If you run the example, you see how the threads on the pool are decreasing until the available threads reach 0 and the application stops working. We have a deadlock.
In general, a deadlock can appear whenever a pool thread waits for an asynchronous function to finish. If we change the code so that we use the synchronous version of Connect, the problem will disappear:


class ConnectionSocket
{
   public void Connect()
   {
      IPHostEntry ipHostEntry = Dns.Resolve(Dns.GetHostName());
      IPEndPoint ipEndPoint = new IPEndPoint(ipHostEntry.AddressList[0], 80);
      Socket s = new Socket(ipEndPoint.AddressFamily, SocketType.Stream,
         ProtocolType.Tcp);
      s.Connect(ipEndPoint);
   }
}

If you want to avoid deadlocks in your applications, do not ever block a thread executed on the pool that is waiting for another function on the pool. This seems to be easy, but keep in mind that this rule implies two more:
  • Do not create any class whose synchronous methods wait for asynchronous functions, since this class could be called from a thread on the pool.

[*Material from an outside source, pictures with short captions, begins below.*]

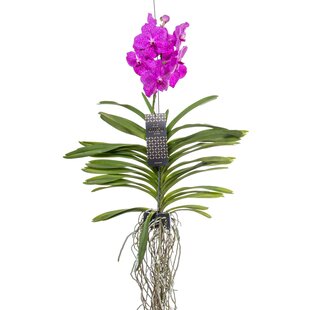 Vanda orchid - Pink - L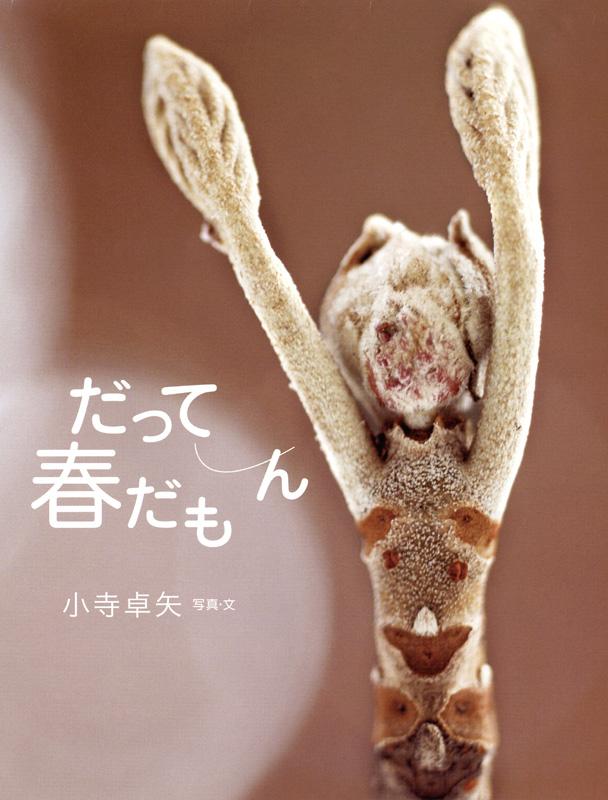 植物の芽をズームで撮影した写真絵本「だって春だもん」の表紙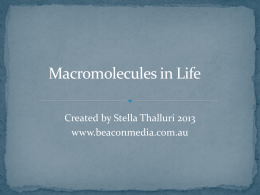 Macromolecules in Life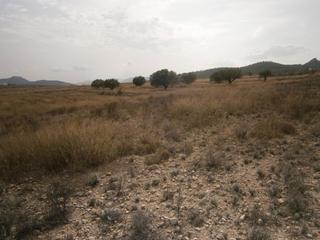 Finca rústica a Salinas. Terreno blanco sin cultivar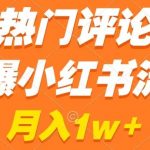 热门评论引爆小红书流量，作品制作简单，商单接到手软【揭秘】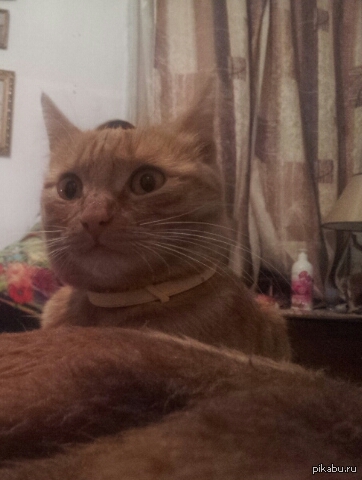 ��� � ��� �� ������ !)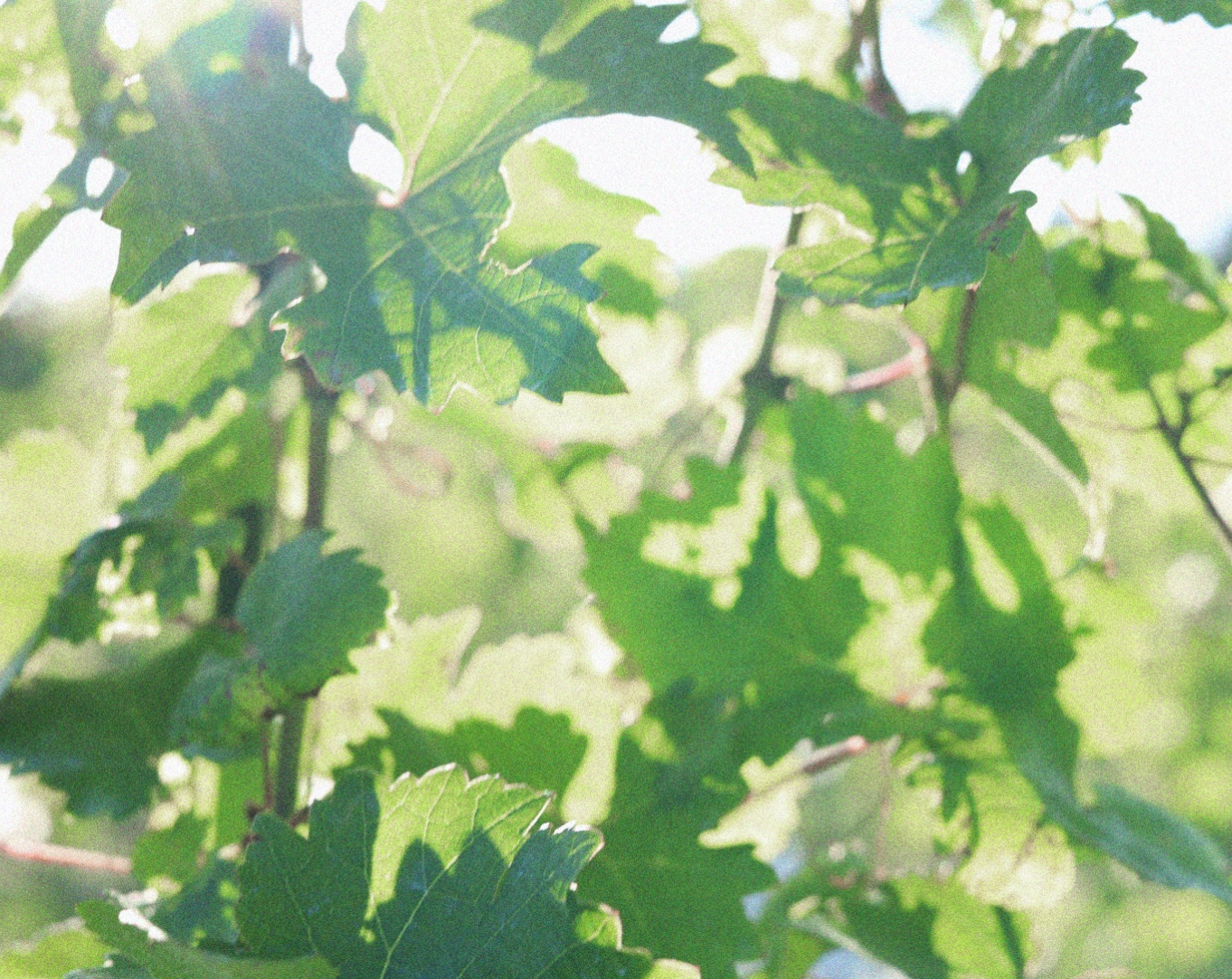 CHATEAU KNOT – シャトーノット –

  • Do not use any class inside an asynchronous function if the class blocks waiting for asynchronous functions.
If you want to detect a deadlock in your application, check the available number of threads on the thread pool when your system is hung. The lack of available threads and CPU utilization near 0% are clear symptoms of a deadlock. You should monitor your code to identify where a function executed on the pool is waiting for an asynchronous operation and remove it.